3.1. Patient Demographics Including Age, Sex, Race, Ethnicity, and Social Determinants of Health

Patient age, sex, race, ethnicity, and social determinants of health are key elements in risk of infection and outcomes for COVID-19. Age, sex, race, and ethnicity are expected to be available in all EHR solutions and therefore have not been listed. We recognize the critical importance of social determinants of health, including race/ethnicity and sex, to COVID-19 and its outcomes and would like to emphasize that these variables should be captured. The Task Force has commissioned a separate data standards document to address social determinants of health for overall CVD, which we expect to be pertinent and complementary to this document, in addition to other documents published and being developed.[6]

3.2. COVID-19 Diagnosis

Appendix 3 provides definitions for the diagnosis of COVID-19. A case of COVID-19 can be confirmed, probable, or suspected based on definitions from the CDC.[7] A person with COVID-19 might be symptomatic or asymptomatic.
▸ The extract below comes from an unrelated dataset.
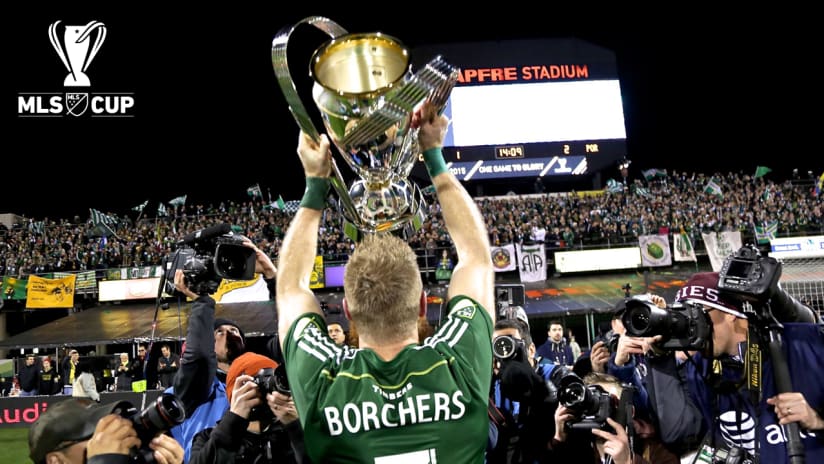 Nat Borchers with Cup, Timbers @ Crew, 12.6.15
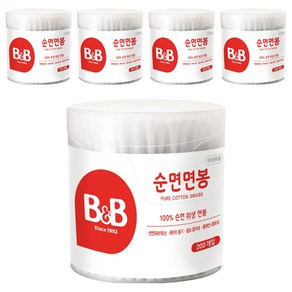 비앤비 원형 유아용 면봉, 200개입, 5개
Other categories of COVID-19 diagnosis provided include postacute sequelae of SARS-CoV-2 infection (PASC) (also termed “postacute COVID-19 syndrome” or “long COVID” in the literature); persons with COVID-19 who continue to have persistently positive molecular or antigen tests after the end of their isolation period; multisystem inflammatory syndrome (MIS), a rare postinfectious inflammatory condition; prior COVID-19; and COVID-19 reinfection. The category of COVID-19 reinfection is divided into reinfection with best evidence, moderate evidence, and poor evidence, as outlined by the CDC.[8] Other data elements included in this section are date of diagnosis of acute COVID-19, whether a patient was hospitalized for COVID-19 specifically or was found to have incidental SARS-CoV-2 infection at the time of hospitalization for another cause, and dates of initial hospitalization. A category also exists for exposure to someone with COVID-19 during their infectious period, with criteria based on CDC recommendations.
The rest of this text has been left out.